The stretch wanted below opens at the line containing "CHEVRON GREY FOX COAT" and closes at the line containing "image 1 of Set". Please return it exactly, with no other lines.
• • • • •
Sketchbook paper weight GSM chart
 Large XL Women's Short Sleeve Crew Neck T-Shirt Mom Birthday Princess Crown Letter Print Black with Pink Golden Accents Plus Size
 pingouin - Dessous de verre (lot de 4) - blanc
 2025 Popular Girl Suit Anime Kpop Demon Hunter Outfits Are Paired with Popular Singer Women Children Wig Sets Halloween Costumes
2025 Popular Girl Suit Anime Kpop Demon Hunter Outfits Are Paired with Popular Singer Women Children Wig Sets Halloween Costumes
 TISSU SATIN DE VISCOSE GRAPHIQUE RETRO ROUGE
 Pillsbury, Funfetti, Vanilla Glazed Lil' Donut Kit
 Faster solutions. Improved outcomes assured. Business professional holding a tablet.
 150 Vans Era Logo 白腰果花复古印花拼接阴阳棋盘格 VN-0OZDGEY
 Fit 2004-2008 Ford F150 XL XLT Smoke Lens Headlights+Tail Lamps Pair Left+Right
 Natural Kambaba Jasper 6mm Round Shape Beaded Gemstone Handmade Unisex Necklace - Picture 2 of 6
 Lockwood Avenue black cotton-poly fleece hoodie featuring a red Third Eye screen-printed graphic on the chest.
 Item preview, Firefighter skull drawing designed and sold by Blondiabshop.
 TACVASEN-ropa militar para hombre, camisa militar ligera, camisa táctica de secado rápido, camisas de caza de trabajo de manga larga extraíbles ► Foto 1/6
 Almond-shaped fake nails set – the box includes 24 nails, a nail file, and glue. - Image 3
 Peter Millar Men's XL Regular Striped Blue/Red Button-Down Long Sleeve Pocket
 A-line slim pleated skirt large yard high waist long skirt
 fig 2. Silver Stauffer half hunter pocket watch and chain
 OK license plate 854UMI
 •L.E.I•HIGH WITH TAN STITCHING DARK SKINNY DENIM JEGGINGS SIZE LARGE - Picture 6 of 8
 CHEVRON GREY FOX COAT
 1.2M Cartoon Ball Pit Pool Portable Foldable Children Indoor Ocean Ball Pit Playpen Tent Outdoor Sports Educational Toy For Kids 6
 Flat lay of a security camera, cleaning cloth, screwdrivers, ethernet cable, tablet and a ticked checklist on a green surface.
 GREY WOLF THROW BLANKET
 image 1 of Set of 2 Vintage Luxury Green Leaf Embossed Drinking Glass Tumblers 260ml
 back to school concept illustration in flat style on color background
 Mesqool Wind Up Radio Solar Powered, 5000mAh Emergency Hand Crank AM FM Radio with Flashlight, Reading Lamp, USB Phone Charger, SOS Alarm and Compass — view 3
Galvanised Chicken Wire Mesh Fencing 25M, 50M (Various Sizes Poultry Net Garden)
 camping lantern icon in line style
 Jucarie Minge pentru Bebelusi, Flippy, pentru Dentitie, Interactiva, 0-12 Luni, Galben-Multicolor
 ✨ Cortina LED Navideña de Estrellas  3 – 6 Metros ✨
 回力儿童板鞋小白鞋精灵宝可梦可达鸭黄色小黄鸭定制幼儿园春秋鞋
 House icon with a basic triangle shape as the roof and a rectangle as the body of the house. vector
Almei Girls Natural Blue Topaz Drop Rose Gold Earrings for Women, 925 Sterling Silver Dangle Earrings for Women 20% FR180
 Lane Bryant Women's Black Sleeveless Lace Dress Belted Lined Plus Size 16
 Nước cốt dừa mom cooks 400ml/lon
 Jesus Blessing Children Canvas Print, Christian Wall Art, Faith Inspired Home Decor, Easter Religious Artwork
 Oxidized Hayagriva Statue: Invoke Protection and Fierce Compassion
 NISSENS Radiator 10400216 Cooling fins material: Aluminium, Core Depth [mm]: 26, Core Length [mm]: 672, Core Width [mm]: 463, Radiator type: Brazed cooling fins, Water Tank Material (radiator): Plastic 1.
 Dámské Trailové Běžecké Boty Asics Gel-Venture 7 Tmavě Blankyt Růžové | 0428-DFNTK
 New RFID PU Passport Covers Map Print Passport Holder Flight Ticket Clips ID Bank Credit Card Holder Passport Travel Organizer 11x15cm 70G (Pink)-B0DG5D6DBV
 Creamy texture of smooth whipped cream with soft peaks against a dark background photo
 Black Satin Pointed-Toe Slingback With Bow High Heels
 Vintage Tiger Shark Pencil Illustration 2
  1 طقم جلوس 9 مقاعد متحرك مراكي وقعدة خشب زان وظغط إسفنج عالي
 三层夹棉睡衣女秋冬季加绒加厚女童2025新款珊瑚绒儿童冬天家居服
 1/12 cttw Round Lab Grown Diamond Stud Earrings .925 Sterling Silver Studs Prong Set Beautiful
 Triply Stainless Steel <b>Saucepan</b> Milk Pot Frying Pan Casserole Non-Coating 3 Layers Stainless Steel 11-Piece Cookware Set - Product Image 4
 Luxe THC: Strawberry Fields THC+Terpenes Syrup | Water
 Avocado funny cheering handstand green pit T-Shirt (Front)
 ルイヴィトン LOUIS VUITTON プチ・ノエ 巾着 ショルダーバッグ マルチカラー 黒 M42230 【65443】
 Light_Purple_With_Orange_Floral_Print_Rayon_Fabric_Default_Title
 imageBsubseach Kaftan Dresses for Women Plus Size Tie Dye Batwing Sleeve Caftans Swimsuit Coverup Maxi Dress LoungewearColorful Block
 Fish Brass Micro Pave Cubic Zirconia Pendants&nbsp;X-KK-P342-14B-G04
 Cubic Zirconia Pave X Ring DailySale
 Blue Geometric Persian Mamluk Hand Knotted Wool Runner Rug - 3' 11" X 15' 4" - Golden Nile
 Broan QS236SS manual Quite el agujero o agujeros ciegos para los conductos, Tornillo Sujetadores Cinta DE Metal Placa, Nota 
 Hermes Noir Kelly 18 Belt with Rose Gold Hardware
• • • • •
Your response:
 CHEVRON GREY FOX COAT
 1.2M Cartoon Ball Pit Pool Portable Foldable Children Indoor Ocean Ball Pit Playpen Tent Outdoor Sports Educational Toy For Kids 6
 Flat lay of a security camera, cleaning cloth, screwdrivers, ethernet cable, tablet and a ticked checklist on a green surface.
 GREY WOLF THROW BLANKET
 image 1 of Set of 2 Vintage Luxury Green Leaf Embossed Drinking Glass Tumblers 260ml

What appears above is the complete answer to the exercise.